AUL’s Kagan File: The “Week Four” Memo
TO: [Undisclosed Parties]
FROM: Americans United for Life Legal Team
DATE: June 7, 2010
RE: AUL’s Kagan File: Summary of File June 2-4
Today’s file document is a summary of our memos from last week (June 2nd through June 4th). Our full analyses, including citations, for each of these documents are linked below.
1. The “Pro-life Speech” Memo – In this Memo, we discussed the Supreme Court decision in Citizens United v. Federal Election Commission, the first case argued (and lost) by Elena Kagan as Solicitor General before the Supreme Court. This decision was a victory for the First Amendment, ensuring that nonprofit corporations may exercise their right to political speech.
In practice, campaign finance reform laws have negatively impacted non-profit policy groups more dramatically than the often vilified “big corporations.” Many non-profits (e.g. pro-life organizations) do not have the resources to meet the requirements of the Federal Election Campaign Act (FECA) and McCain-Feingold campaign finance reform laws, and therefore are limited in their ability to engage in political speech. This is detrimental to society because these organizations often provide the most effective way for member-citizens to vocalize their political views at critical times.
Since defending the contested law before the Supreme Court, Kagan has not distanced herself from her arguments. It is critical that the Senate Judiciary Committee ask Kagan whether she believes that the government can suppress speech because it does not like the speakers, such as pro-life advocates.
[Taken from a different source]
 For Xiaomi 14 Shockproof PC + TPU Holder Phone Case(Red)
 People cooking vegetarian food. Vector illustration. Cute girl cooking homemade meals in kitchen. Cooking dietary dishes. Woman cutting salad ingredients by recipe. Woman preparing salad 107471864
2. The “Proudest Association” Memo – At an award ceremony held at Harvard Law School in September 2006, Dean Elena Kagan introduced the winner of the annual Peter Gruber Foundation Justice Prize: newly-retired Aharon Barak of the Supreme Court of Israel. In her remarks, Dean Kagan called Aharon Barak her “judicial hero” and, after stating that there have been many “famous and great judges Harvard Law School [has been] associated with,” Kagan declared that “the Harvard Law School association of which I am most proud is the one with … Aharon Barak.”
Kagan’s declaration that she was “most proud” of Harvard’s association with Barak was striking for many reasons, including:
- Barak’s judicial views that contradict important features of the American legal system, including the non-justiciability of political questions and the importance of standing.
- The vast number of distinguished Americans who are Harvard Law School alums and who have made lasting contributions to our nation’s legal system, including 14 Supreme Court Justices, dozens of federal and state court judges, numerous United States Attorneys General, United States Senators and Representatives, state Governors, law professors, diplomatic figures, cabinet advisors, and two U.S. presidents.
3. Kagan, Marshall, and Abortion, Part 5 – In April of 1988, Elena Kagan wrote to Justice Marshall that a court order that mandated taxpayers pay for the abortions of inmates was “well-intentioned.” Despite this view, she thought that legally “parts of it were quite ludicrous.” Nonetheless, she recommended Marshall vote against reviewing the case because “this case is likely to become the vehicle that this Court uses to create some very bad law on abortion.” Kagan’s memo reveals the following:
- Her pro-abortion sympathies: Kagan acknowledged that elective abortions are not a part of medical care and that “non-prisoners have no rights to funding for abortions” and that therefore there was no reason “prisoners should have such rights.” While one would expect she would recommend reversing the lower court for this reason, she did not advocate reviewing the case.
- Her inconsistent statements about the role of a Supreme Court clerk: Kagan’s memo is not consistent with her prior statements under oath that she was a “27-year-old pipsqueak” who was trying “to facilitate [Justice Marshall’s] work and to enable him to advance his goals and purposes as a Justice.” The memo frequently states “I think” or “I recommend.”
- Her desire to put policy above the law: Kagan clearly thought the Court of Appeals had decided the case incorrectly based on the law, and called their reasoning “ludicrous.” Nonetheless, she recommended Marshall not review the case because she thought “this case is likely to become the vehicle that this Court uses to create some very bad law on abortion.” What did Kagan mean by “bad law on abortion”? The Court had repeatedly held that taxpayers are not required to fund abortions through their tax dollars. Was she afraid the court would reinforce this precedent, or that the Court would expand the principle that taxpayers do not have to fund abortions?